Jerrold Mason, 42, and his dad James, 77, are self-employed loggers who live on Curtis Hill Road in Wildlife Management District 12.

No doe permits are issued there. Not that they’ve seen any, but bucks are getting scarce, also. They firmly believe coyotes are the sole culprit.

“If things don’t change soon, there won’t be any bucks, either,” Jerrold Mason said last Sunday.

“Maine went to a bucks-only rule for a couple of years and, since then, the situation’s been ridiculous.”

Like Bosse and Trahan, the Masons said they’ve witnessed coyote predation in packs on deer on their land.

“We’ve had coyotes kill deer right in our front yard,” James Mason said.

“Their population is so tied in with deer that when the deer population goes up, their population goes up, too, and when the deer population goes down, their population follows,” he said.

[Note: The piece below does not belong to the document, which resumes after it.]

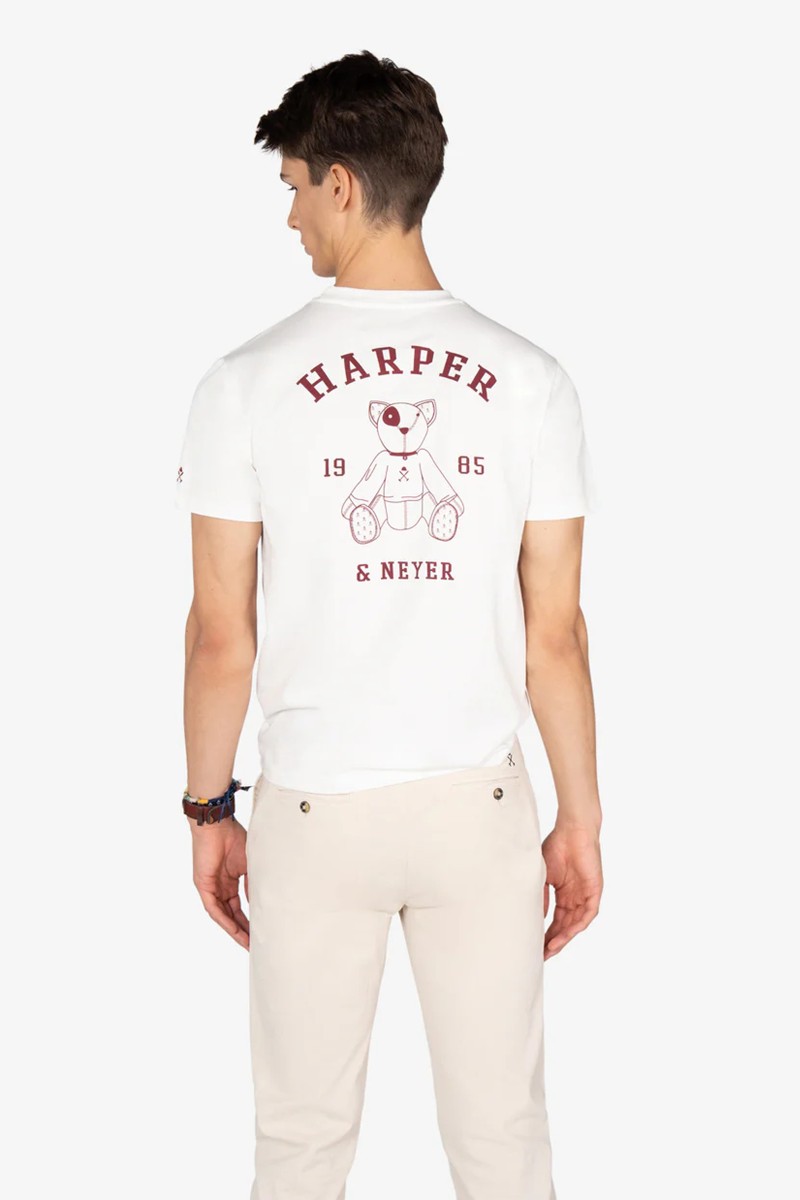 Camiseta en algodón 100 % con diseño gráfico destacado y corte regular, ideal para un look casual con carácter.  2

A registered Maine master guide for 53 years, James Mason recalled one time when a pack of coyotes killed and ate a whole adult deer during the night. He’d left that spot during the daytime and returned the next morning to find evidence of the kill.

“When there’s enough of them around to completely dispose of a grown deer, you’ve got a serious problem,” he said.

Trahan agrees.

“I’ve shot a number of coyotes over the years, especially in the wintertime when I’m harvesting wood,” he said.

“The deer will congregate in the areas where I’m cutting hardwoods to eat the tops. The coyotes will soon arrive, too, and often I have shot coyotes while I was working in the woods to try and give the deer a chance.”

Glowa, however, said IF&W should concentrate on science and stop its war on coyotes.

“The department needs to rein in the public’s attitudes and unsupported hatred of coyotes,” he said.

“I think, certainly, the facts and science don’t support this all-out war against coyotes. They’re not decimating Maine’s deer herd.”

“Predators and deer and moose have coexisted on our planet for hundreds of thousands of years, and there’s no evidence whatsoever this war on coyotes is going to make one bit of difference in the numbers of deer Maine has,” Glowa said.